Short text fragments from websites
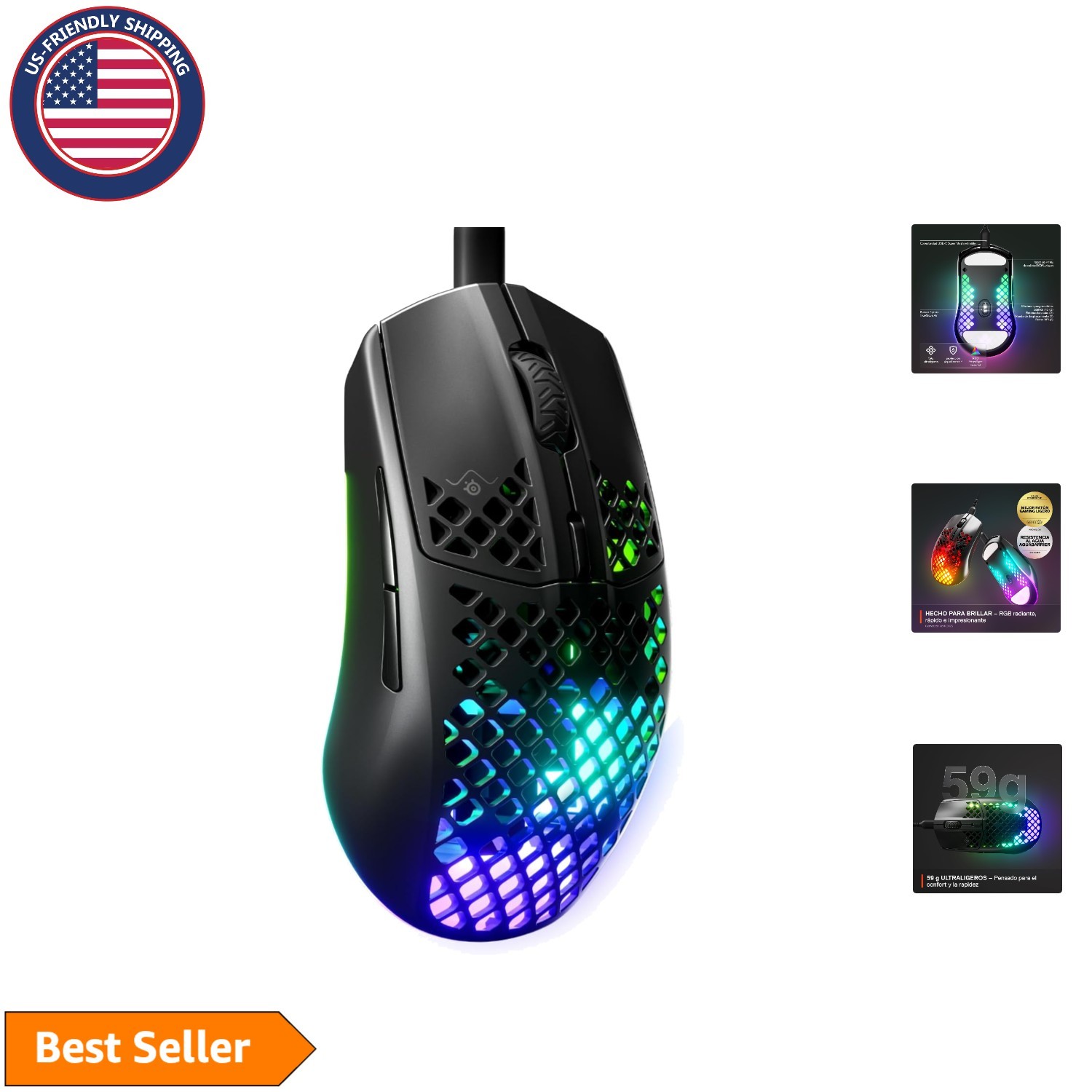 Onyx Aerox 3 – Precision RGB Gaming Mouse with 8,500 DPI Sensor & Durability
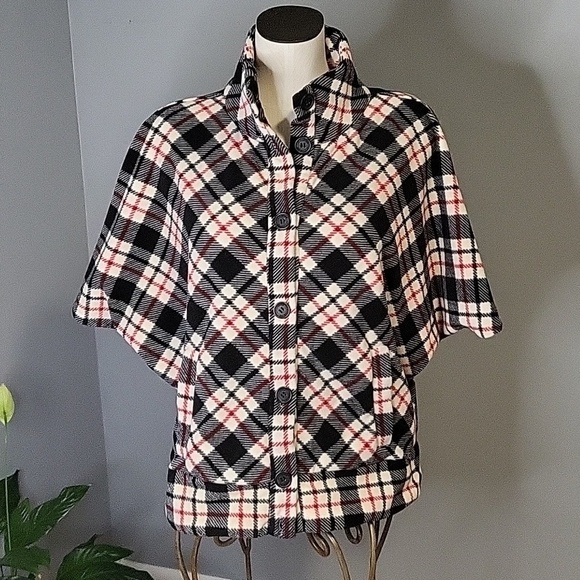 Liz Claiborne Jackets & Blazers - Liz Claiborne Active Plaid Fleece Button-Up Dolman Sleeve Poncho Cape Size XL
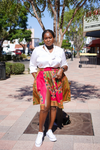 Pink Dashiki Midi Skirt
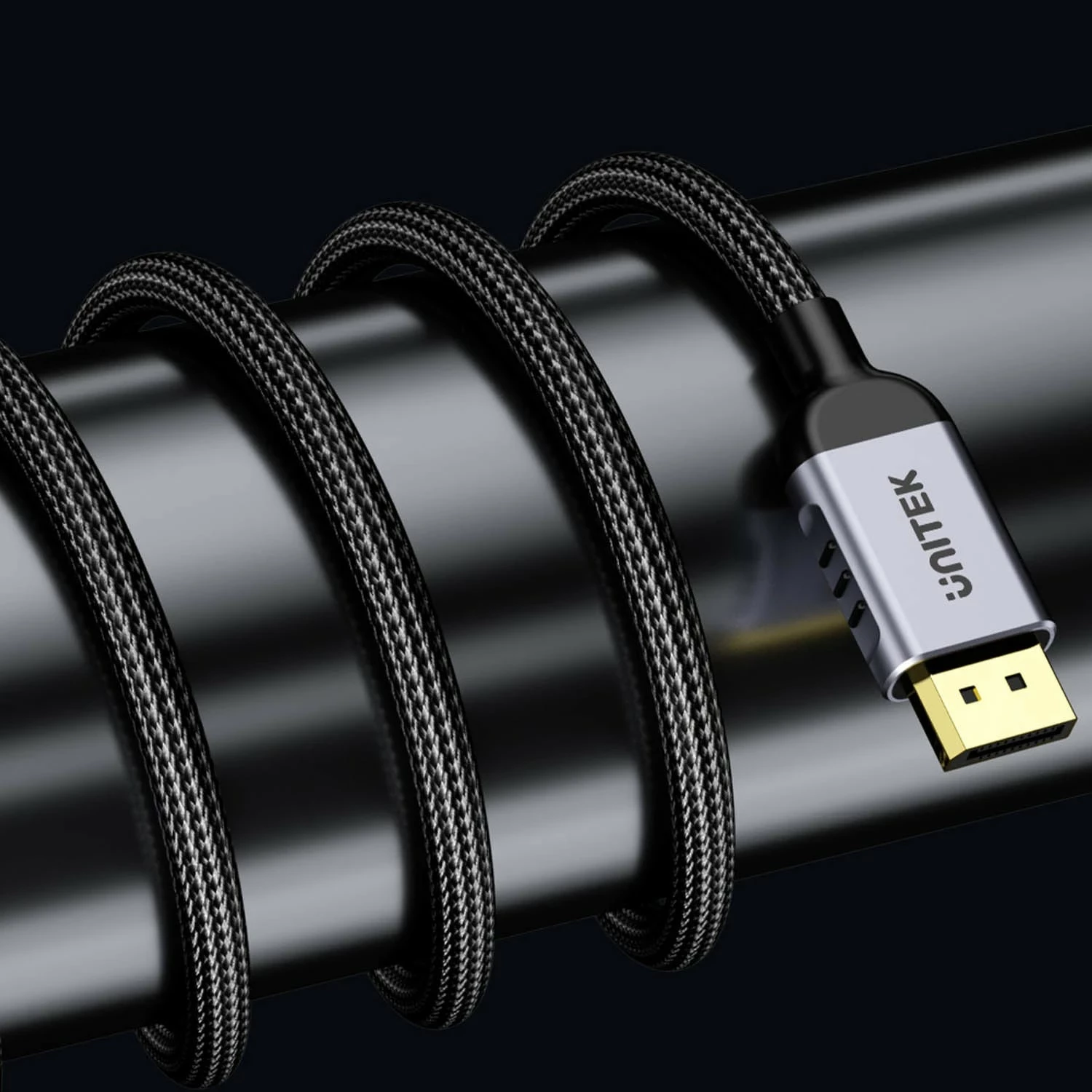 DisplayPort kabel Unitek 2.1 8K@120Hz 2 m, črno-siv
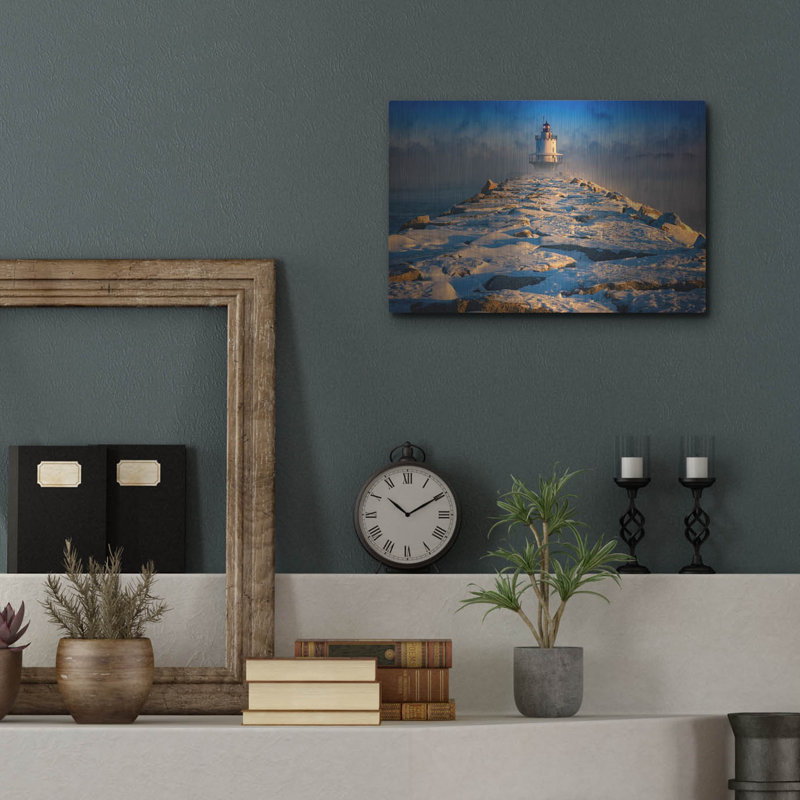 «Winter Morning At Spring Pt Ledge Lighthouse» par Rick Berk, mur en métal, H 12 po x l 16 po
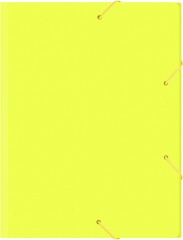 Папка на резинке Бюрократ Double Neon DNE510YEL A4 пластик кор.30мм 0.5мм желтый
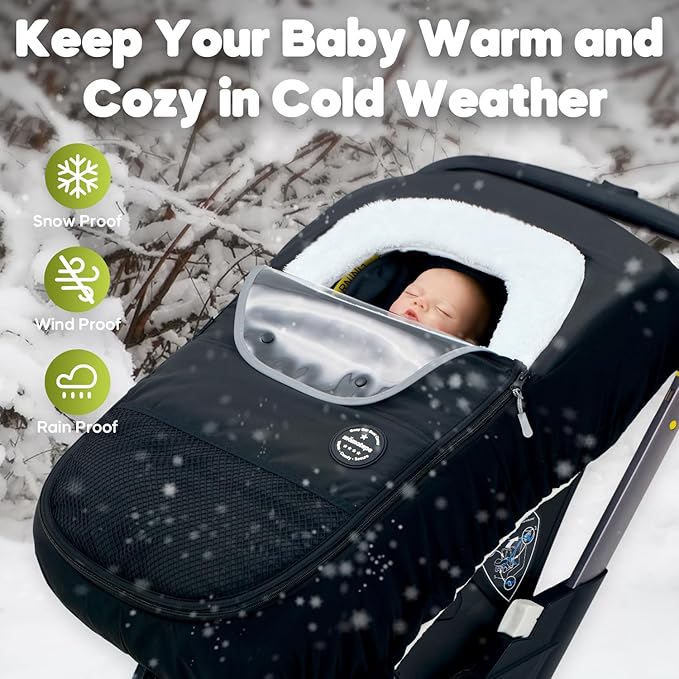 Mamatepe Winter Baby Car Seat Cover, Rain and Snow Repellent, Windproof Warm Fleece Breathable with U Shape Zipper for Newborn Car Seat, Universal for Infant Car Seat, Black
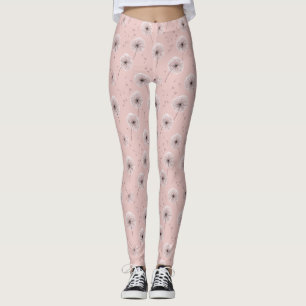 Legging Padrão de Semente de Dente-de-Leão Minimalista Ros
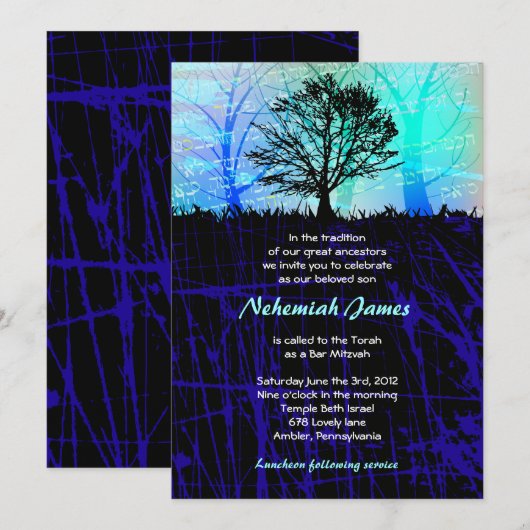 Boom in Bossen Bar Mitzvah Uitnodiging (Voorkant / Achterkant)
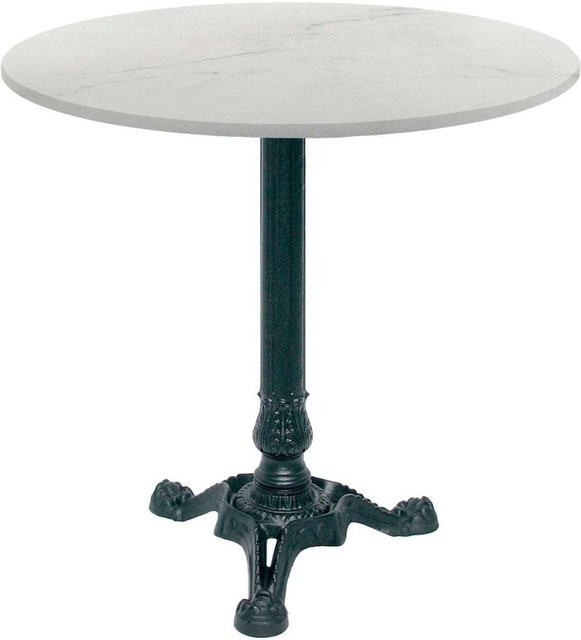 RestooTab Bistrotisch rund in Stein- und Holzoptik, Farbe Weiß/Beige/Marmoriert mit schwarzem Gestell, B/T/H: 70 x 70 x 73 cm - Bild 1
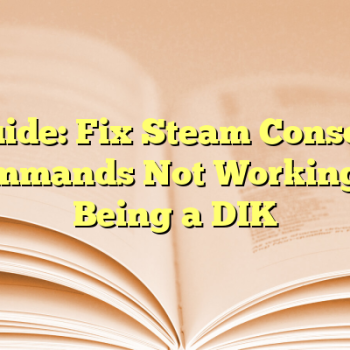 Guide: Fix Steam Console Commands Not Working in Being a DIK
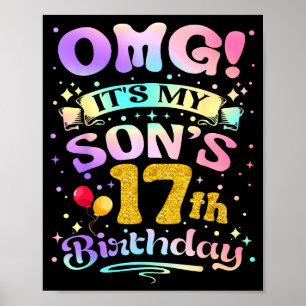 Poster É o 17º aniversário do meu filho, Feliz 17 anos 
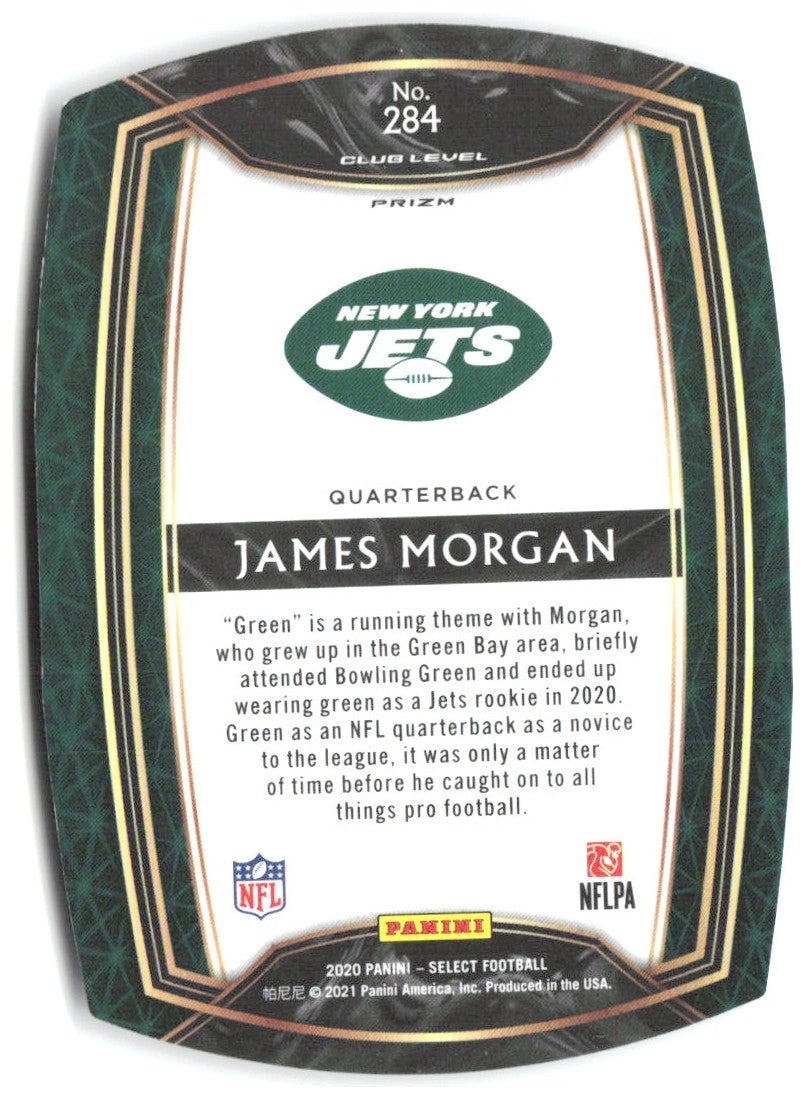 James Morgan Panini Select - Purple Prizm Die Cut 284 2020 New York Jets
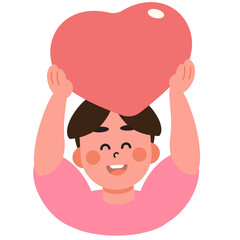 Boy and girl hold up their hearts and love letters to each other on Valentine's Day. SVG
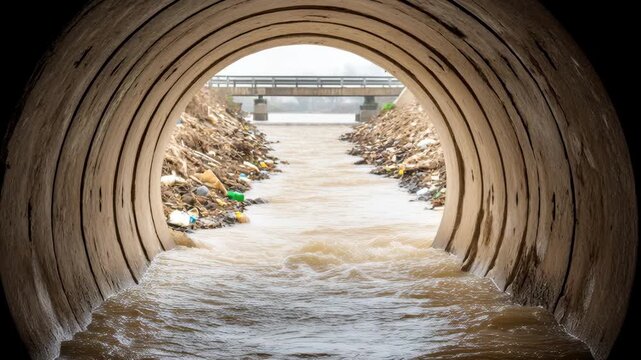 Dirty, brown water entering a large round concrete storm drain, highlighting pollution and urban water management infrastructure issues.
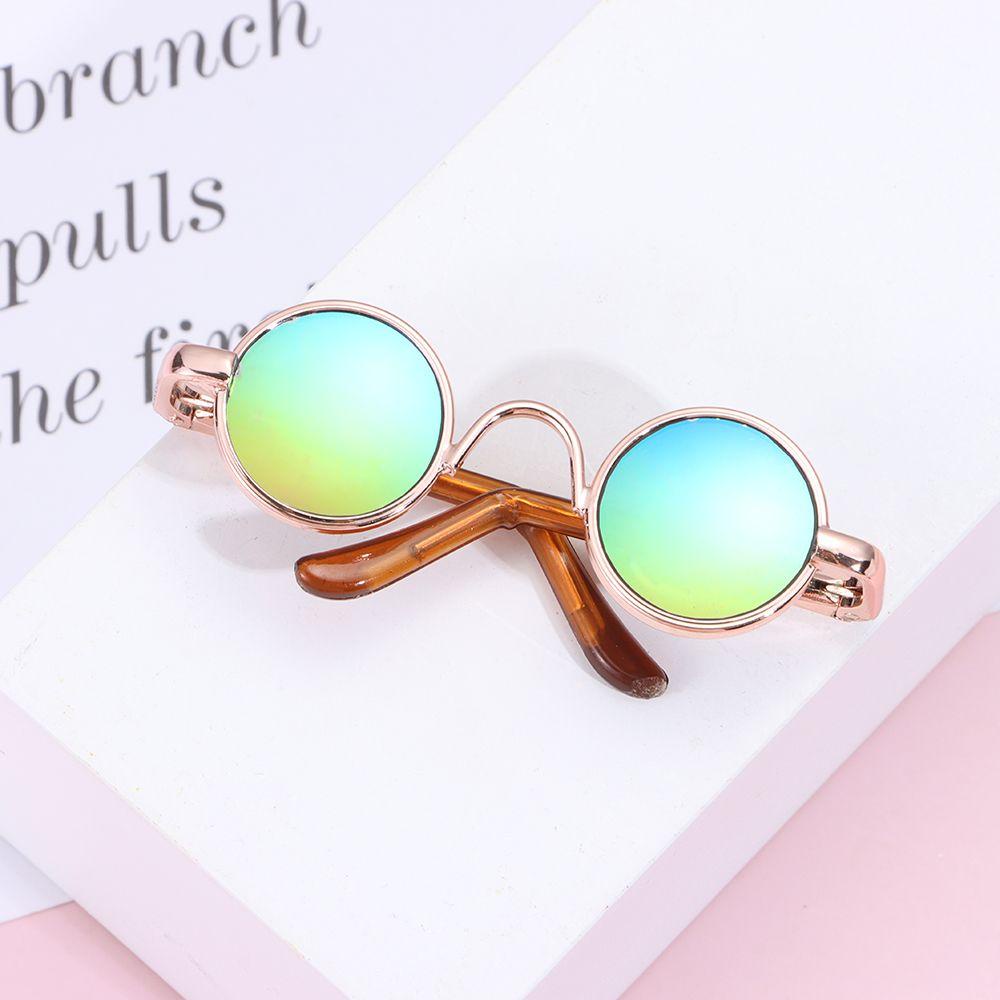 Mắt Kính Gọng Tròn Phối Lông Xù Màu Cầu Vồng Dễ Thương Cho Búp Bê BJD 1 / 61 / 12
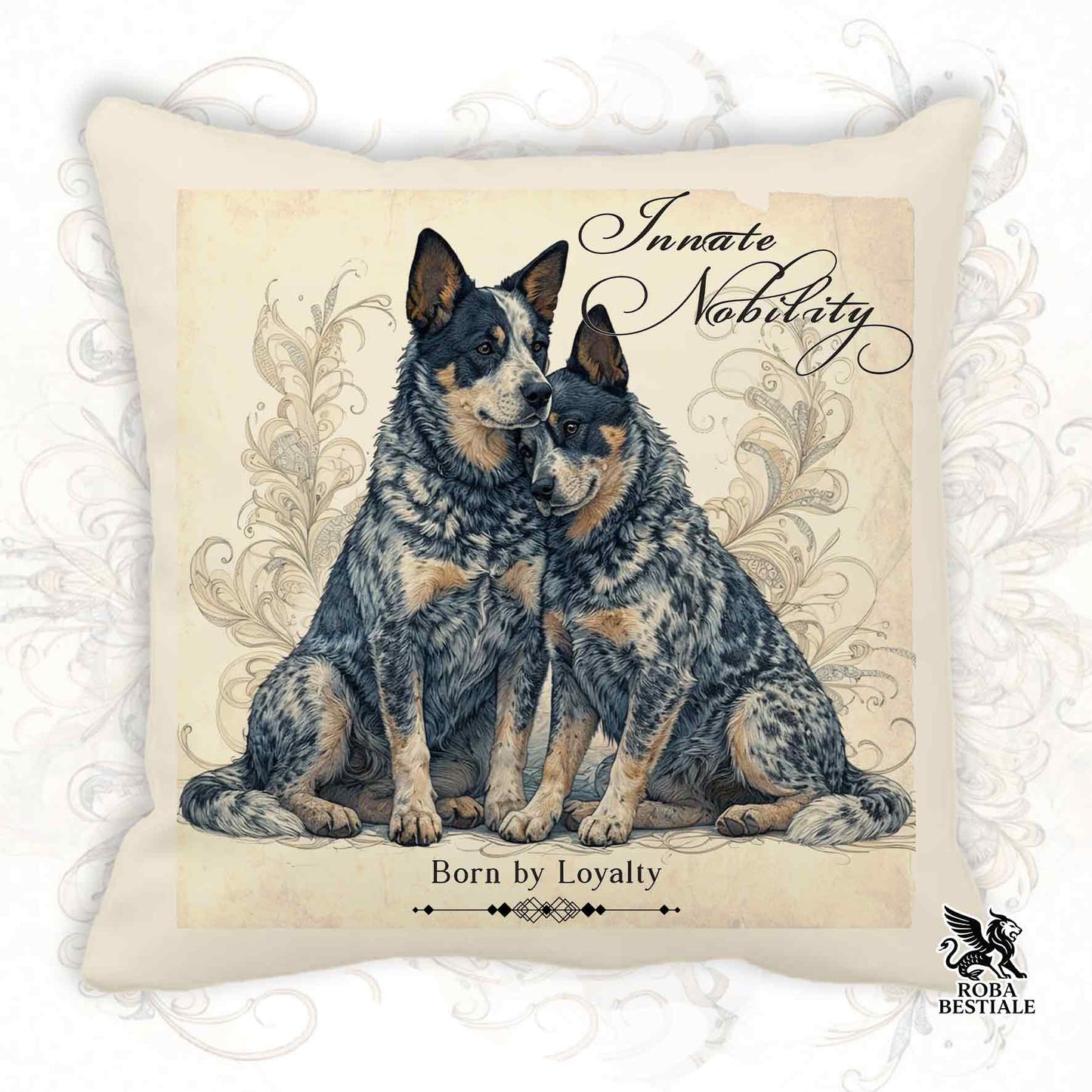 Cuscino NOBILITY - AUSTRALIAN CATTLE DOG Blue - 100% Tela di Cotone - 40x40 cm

**INSTRUCTIONS TO FOLLOW:**
Only the lines from the one containing "Mắt Kính Gọng" through the final line of the records should be retyped, exactly, with every picture omitted.

**ANSWER FOR THIS EXERCISE:**
 Mắt Kính Gọng Tròn Phối Lông Xù Màu Cầu Vồng Dễ Thương Cho Búp Bê BJD 1 / 61 / 12
 Cuscino NOBILITY - AUSTRALIAN CATTLE DOG Blue - 100% Tela di Cotone - 40x40 cm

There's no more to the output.